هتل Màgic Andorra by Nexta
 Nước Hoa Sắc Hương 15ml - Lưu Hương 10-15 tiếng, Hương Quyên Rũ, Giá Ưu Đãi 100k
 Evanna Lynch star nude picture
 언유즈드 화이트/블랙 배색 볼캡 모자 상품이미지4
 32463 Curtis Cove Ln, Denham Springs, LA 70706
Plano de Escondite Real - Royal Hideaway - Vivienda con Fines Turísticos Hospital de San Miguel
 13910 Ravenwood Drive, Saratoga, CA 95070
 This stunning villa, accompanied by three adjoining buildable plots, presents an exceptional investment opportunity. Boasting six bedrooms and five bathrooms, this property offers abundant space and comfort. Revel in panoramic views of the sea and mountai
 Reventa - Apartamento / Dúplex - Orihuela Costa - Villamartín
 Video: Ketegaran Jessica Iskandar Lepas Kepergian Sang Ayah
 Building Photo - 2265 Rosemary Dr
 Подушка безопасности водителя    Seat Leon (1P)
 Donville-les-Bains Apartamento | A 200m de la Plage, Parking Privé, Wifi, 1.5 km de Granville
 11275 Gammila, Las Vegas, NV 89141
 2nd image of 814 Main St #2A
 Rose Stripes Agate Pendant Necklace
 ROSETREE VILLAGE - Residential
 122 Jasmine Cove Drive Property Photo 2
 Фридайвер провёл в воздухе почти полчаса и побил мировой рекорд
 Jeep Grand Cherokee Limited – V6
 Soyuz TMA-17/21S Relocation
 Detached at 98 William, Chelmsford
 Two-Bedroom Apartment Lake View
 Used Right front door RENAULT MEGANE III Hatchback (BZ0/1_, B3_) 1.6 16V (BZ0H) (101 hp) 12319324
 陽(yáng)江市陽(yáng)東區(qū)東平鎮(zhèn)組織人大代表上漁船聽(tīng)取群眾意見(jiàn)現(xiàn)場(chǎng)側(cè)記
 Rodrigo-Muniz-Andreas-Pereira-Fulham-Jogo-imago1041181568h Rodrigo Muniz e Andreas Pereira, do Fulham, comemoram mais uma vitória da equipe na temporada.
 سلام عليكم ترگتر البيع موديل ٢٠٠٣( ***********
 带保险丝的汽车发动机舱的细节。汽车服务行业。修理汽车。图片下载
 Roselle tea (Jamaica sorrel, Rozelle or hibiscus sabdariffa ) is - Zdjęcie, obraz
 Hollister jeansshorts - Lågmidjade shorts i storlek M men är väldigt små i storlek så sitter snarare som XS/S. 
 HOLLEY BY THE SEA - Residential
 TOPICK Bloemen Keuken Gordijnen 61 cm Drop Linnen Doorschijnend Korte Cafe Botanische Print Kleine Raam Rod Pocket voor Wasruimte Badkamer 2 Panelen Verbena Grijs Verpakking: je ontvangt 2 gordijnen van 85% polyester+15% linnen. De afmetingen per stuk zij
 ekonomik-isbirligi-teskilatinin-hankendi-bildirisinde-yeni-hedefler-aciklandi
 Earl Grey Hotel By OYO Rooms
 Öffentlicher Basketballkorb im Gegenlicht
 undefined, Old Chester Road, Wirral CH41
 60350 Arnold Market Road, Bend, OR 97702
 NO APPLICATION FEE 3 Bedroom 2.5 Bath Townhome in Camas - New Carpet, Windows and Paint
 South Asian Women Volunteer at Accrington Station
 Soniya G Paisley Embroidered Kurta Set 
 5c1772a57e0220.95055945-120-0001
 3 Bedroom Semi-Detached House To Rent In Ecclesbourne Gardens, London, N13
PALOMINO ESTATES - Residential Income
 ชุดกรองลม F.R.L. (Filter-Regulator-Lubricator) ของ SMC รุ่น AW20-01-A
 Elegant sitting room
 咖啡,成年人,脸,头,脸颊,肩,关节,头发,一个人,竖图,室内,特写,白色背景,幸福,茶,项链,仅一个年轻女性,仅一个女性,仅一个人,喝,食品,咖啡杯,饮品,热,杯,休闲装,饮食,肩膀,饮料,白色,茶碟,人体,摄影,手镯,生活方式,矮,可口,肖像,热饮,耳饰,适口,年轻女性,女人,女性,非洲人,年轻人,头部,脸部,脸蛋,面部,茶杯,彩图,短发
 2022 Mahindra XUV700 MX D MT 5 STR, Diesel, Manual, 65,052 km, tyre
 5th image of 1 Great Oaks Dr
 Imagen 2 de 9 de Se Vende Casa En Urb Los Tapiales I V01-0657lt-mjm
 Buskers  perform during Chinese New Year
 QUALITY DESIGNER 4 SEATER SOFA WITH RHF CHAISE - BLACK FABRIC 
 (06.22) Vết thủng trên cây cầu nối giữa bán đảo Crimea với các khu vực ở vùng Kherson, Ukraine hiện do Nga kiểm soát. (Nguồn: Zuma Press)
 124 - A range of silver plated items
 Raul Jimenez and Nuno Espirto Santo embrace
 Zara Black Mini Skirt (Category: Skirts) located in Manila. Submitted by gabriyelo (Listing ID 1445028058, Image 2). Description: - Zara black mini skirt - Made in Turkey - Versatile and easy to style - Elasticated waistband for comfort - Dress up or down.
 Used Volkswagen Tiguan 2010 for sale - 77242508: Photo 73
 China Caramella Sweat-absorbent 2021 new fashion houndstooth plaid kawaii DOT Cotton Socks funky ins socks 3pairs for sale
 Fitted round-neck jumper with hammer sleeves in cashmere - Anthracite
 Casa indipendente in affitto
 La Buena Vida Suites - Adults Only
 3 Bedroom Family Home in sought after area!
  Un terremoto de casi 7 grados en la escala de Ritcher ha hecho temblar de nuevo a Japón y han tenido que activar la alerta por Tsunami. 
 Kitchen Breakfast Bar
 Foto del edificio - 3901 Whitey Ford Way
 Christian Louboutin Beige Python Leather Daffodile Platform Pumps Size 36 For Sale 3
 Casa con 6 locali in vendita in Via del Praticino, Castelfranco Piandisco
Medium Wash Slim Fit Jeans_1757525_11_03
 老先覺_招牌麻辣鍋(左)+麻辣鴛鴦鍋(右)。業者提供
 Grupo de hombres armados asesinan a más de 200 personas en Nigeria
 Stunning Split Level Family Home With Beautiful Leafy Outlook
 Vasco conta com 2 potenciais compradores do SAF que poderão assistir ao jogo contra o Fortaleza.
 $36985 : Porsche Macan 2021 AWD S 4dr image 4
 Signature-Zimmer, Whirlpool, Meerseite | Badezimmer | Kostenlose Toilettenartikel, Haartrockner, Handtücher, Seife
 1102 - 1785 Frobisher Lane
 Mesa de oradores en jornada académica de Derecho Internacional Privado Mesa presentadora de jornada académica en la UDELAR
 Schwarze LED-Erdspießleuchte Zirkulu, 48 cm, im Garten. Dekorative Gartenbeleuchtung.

- - -

**TO DO:** Pull every line with the string "Residential" from the data above.

**THE COMPLETED TASK:**
 ROSETREE VILLAGE - Residential
 HOLLEY BY THE SEA - Residential
PALOMINO ESTATES - Residential Income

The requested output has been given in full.